[[ DATA EXTRACT, beginning ]]

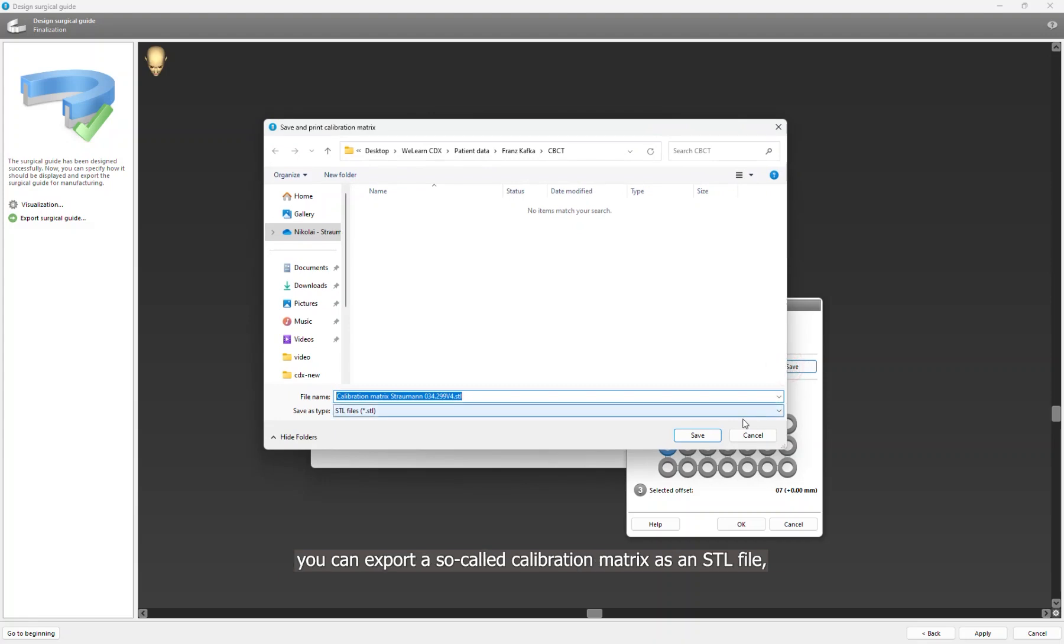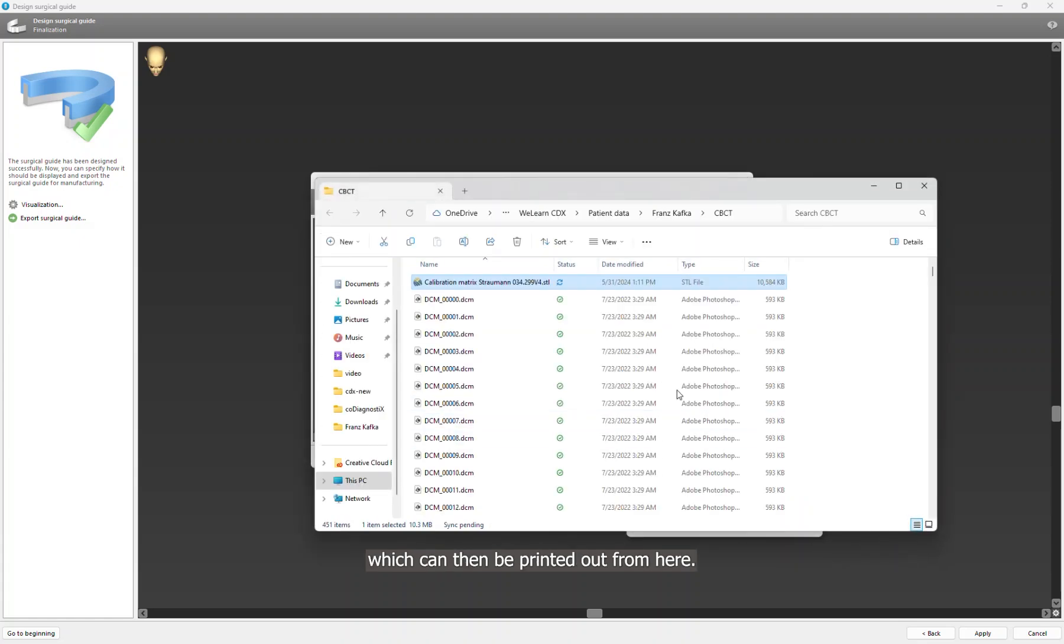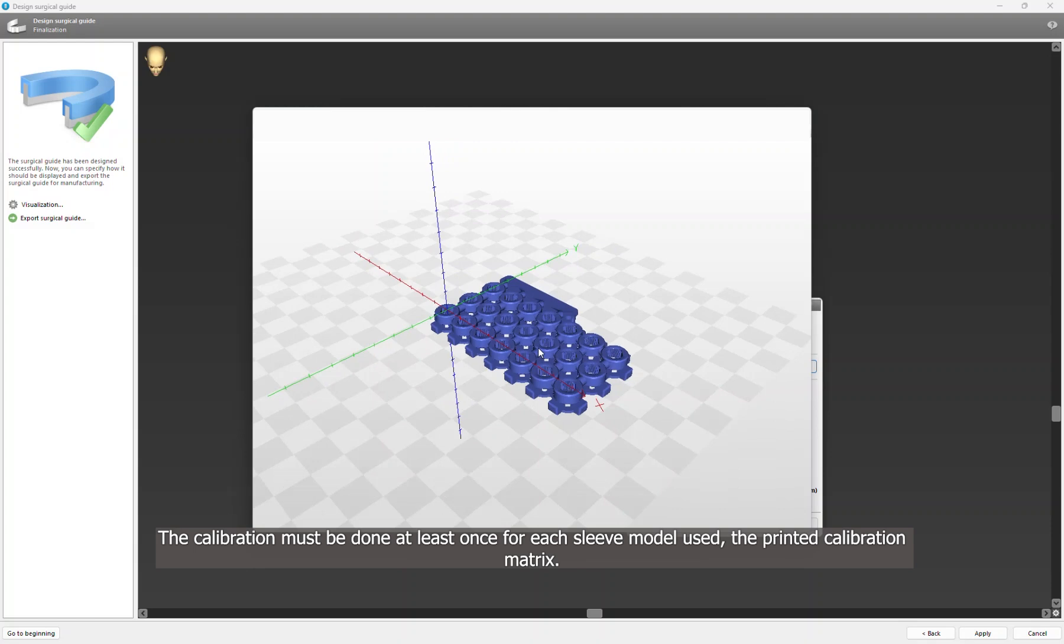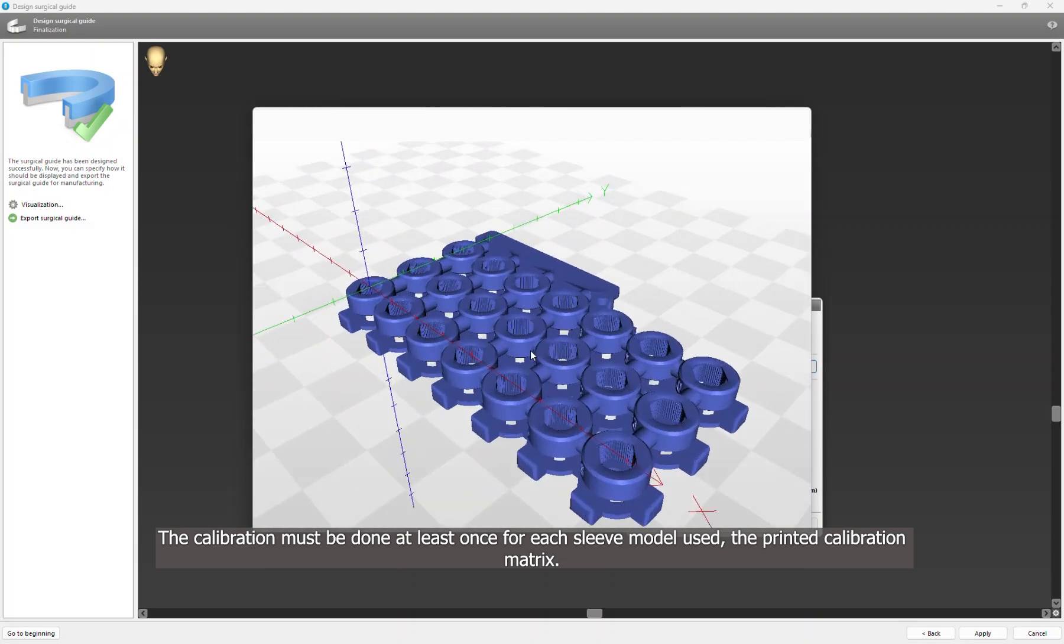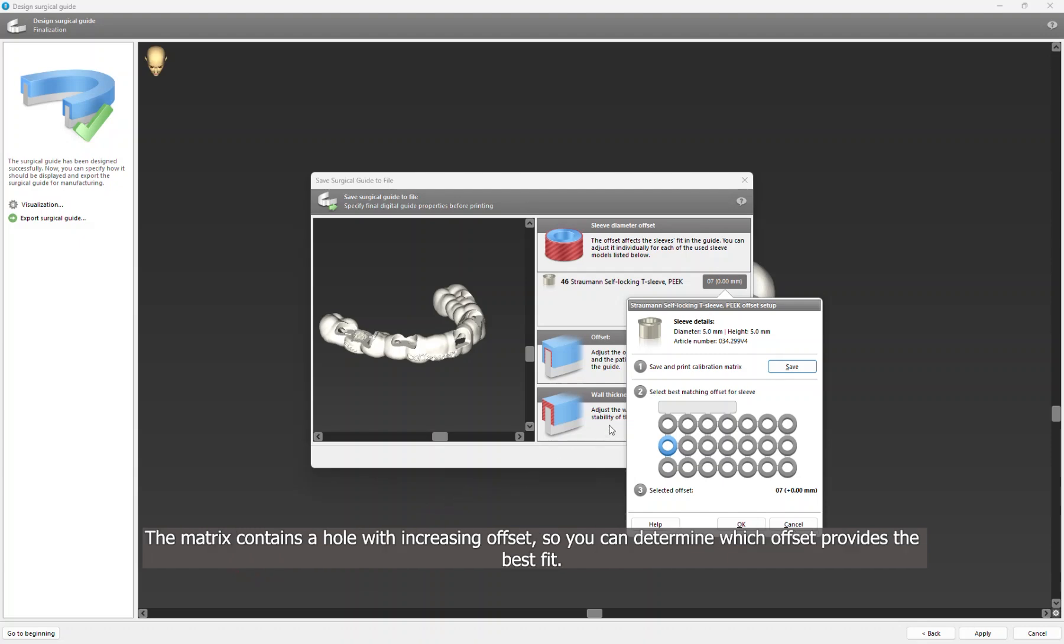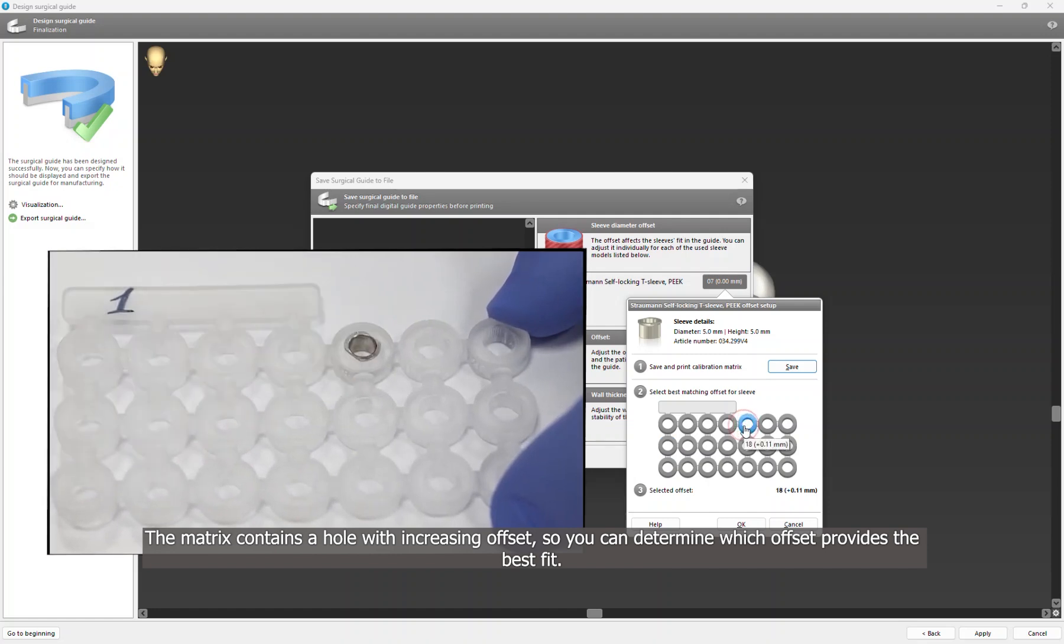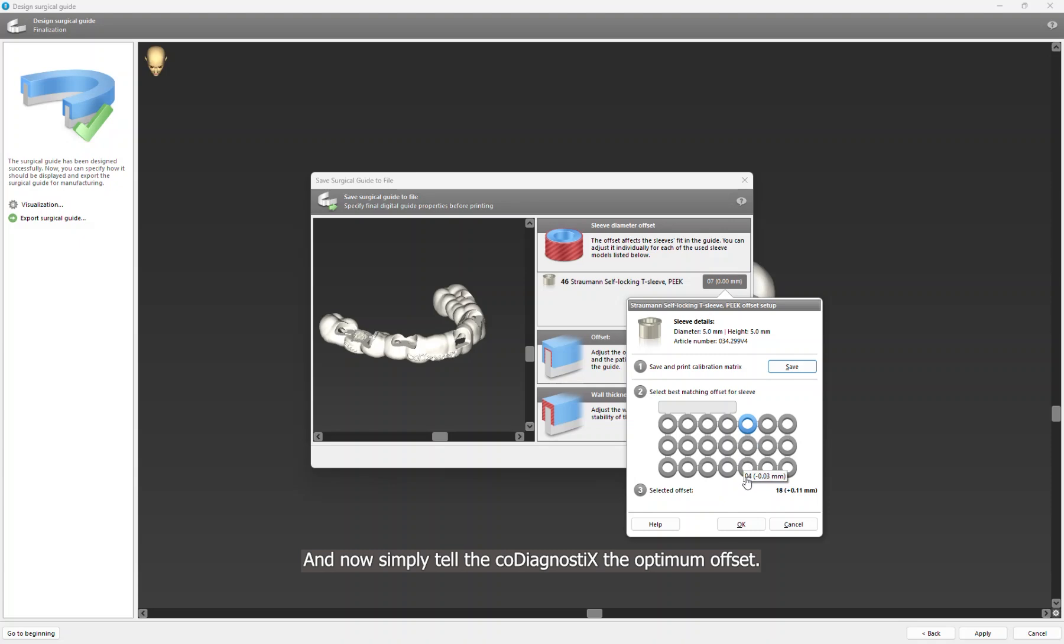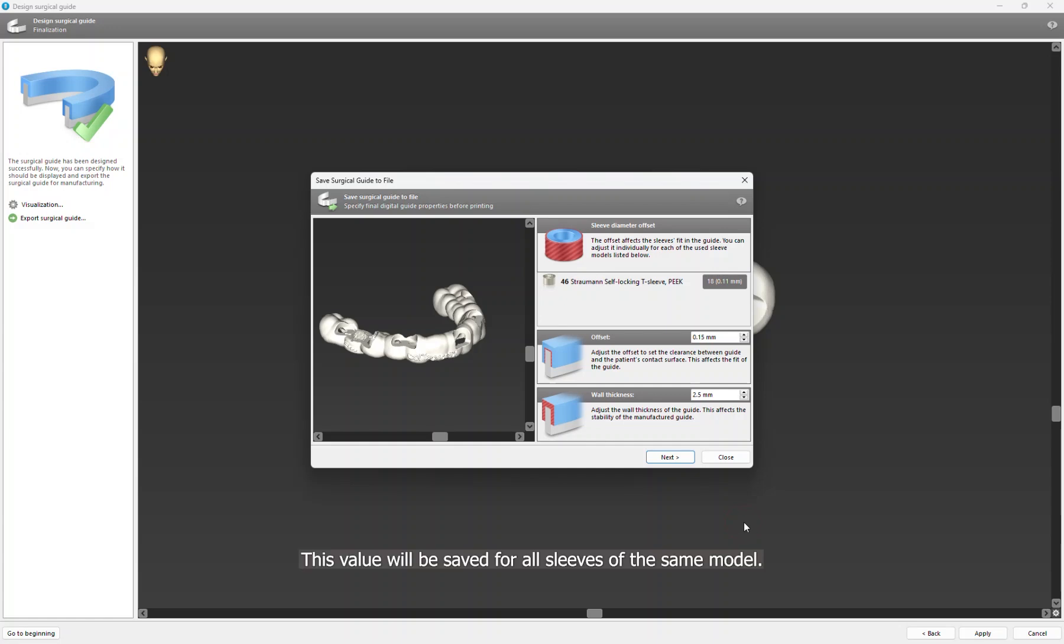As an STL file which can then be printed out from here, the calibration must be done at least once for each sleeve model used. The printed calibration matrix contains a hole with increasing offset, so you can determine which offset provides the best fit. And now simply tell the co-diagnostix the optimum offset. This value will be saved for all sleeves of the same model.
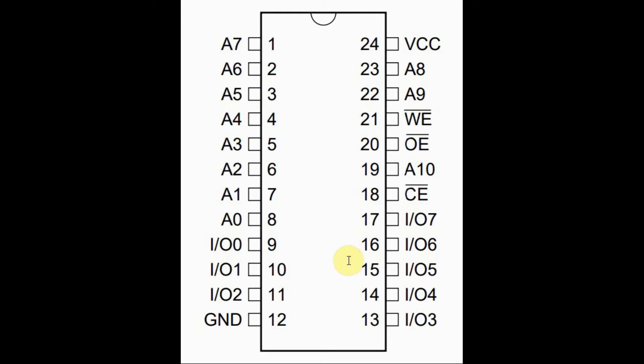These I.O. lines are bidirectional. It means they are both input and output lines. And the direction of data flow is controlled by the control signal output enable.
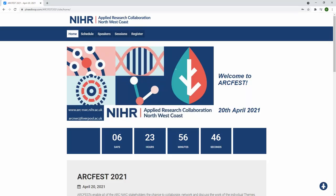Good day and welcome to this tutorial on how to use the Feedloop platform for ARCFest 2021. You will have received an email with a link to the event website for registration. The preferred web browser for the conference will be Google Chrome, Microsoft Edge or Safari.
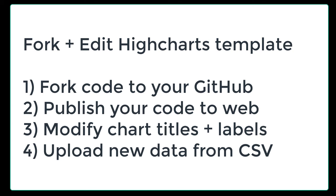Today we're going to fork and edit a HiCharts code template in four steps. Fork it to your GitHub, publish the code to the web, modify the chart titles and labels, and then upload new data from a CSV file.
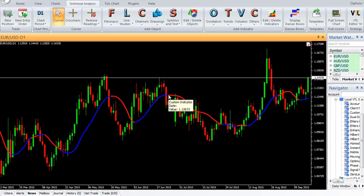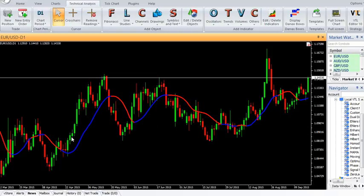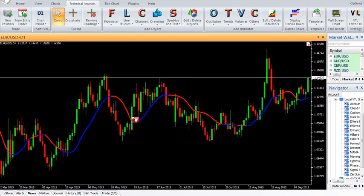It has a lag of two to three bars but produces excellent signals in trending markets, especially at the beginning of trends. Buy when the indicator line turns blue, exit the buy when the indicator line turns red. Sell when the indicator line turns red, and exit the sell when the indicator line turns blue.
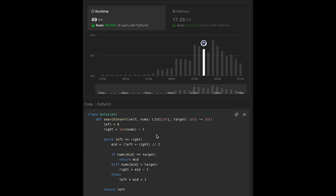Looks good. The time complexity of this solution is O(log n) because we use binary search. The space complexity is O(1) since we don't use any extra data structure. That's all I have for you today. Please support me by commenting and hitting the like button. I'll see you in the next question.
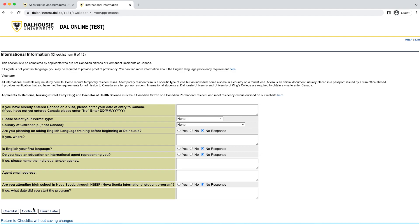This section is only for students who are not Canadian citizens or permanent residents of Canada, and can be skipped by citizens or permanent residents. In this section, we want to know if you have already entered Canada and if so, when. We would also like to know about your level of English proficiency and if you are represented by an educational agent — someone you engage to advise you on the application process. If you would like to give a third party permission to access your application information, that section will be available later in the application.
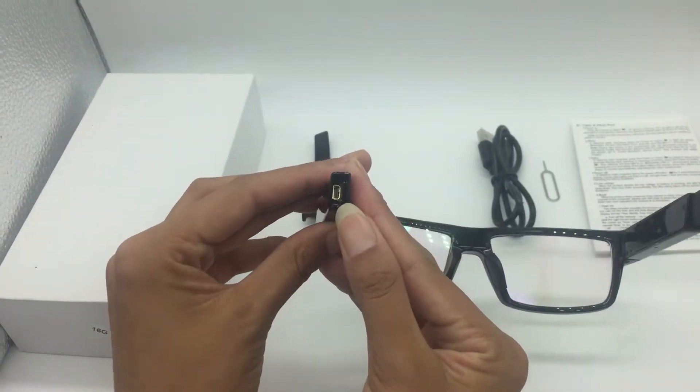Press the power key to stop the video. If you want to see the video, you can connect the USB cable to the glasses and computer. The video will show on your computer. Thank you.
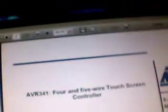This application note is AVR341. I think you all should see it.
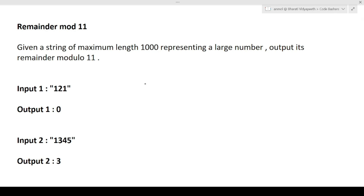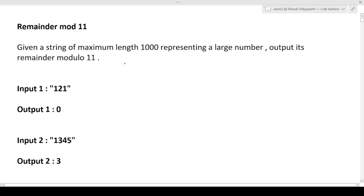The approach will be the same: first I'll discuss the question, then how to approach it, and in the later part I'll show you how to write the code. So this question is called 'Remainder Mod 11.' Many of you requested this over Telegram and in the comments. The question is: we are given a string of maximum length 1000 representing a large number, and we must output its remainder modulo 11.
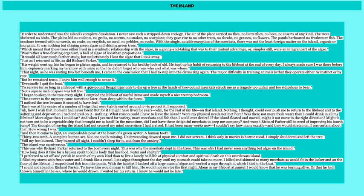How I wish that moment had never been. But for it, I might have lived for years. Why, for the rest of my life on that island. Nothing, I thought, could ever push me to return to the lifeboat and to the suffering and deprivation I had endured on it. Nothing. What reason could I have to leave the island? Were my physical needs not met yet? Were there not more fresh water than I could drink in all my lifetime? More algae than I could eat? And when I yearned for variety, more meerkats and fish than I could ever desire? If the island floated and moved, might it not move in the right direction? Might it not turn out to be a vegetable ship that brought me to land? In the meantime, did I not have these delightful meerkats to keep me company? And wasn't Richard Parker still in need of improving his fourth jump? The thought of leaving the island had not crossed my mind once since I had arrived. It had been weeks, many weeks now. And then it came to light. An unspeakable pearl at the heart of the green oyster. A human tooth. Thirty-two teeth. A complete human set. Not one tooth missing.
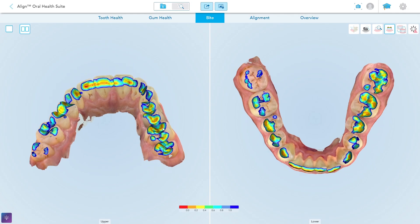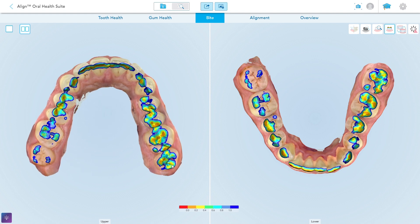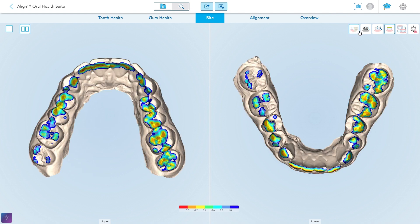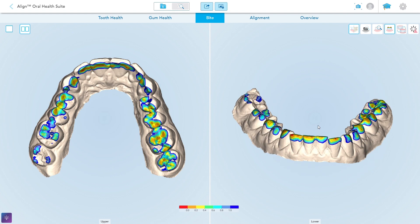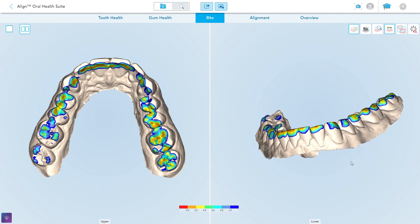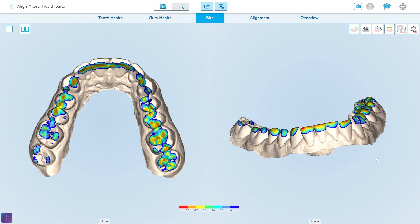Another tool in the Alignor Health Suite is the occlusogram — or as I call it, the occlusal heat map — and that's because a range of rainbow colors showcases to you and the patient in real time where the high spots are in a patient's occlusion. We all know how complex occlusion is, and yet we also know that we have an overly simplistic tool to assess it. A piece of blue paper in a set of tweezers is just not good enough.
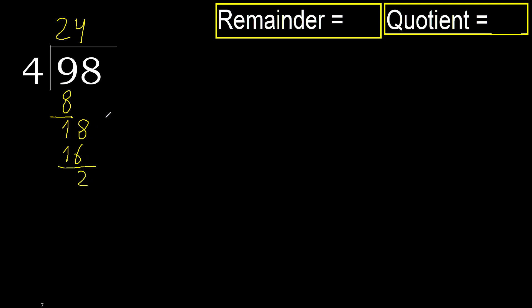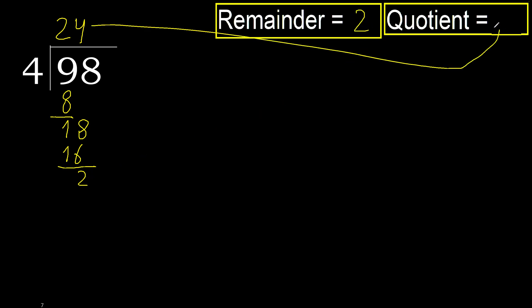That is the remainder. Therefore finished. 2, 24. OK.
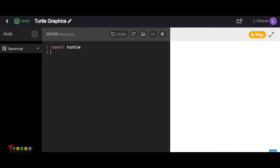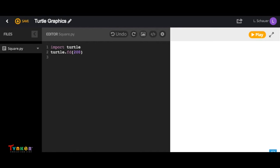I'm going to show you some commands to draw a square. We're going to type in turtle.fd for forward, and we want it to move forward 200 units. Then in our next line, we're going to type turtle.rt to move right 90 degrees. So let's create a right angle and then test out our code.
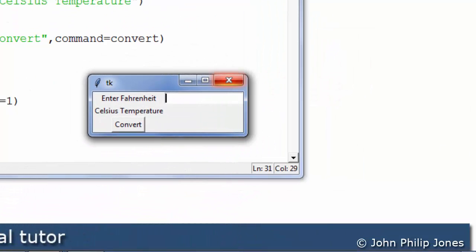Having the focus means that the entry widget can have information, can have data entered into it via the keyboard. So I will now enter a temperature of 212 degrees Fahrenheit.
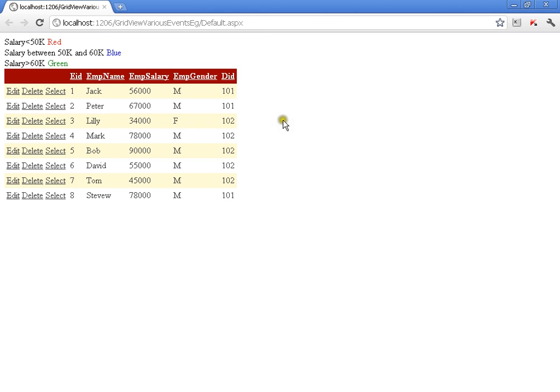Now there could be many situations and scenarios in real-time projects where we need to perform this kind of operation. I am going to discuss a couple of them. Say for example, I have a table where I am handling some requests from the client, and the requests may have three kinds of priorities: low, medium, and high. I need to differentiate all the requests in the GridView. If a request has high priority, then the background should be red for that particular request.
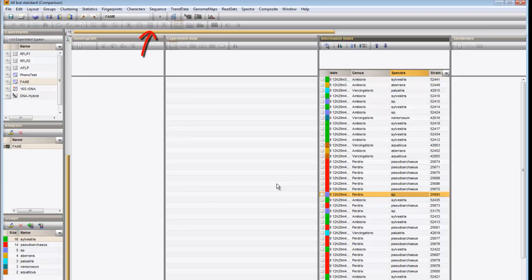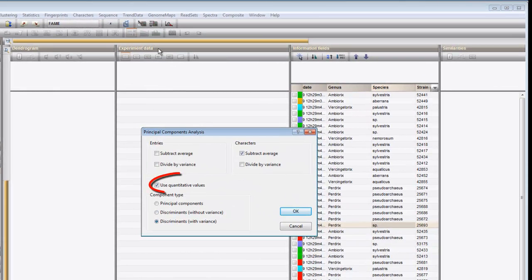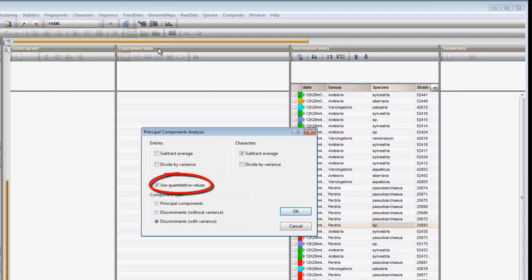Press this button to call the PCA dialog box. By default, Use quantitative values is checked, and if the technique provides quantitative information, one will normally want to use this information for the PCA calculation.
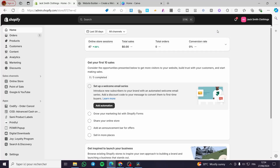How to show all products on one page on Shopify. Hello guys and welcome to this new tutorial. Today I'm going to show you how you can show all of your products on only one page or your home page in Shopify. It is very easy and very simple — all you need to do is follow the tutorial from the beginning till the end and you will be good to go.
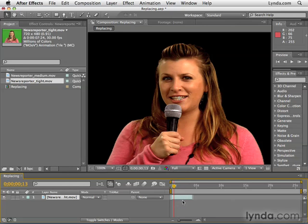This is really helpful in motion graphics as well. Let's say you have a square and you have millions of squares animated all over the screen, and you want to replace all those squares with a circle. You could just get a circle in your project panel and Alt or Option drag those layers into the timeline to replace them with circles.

[[ DATA EXTRACT, end ]]

In the data above, find the line containing "Press the power" and the line containing "This application note". Repeat those two lines and everything between them exactly, minus the pictures.

• _RESULT FOR THIS TASK_
Press the power key to stop the video. If you want to see the video, you can connect the USB cable to the glasses and computer. The video will show on your computer. Thank you.
This application note is AVR341. I think you all should see it.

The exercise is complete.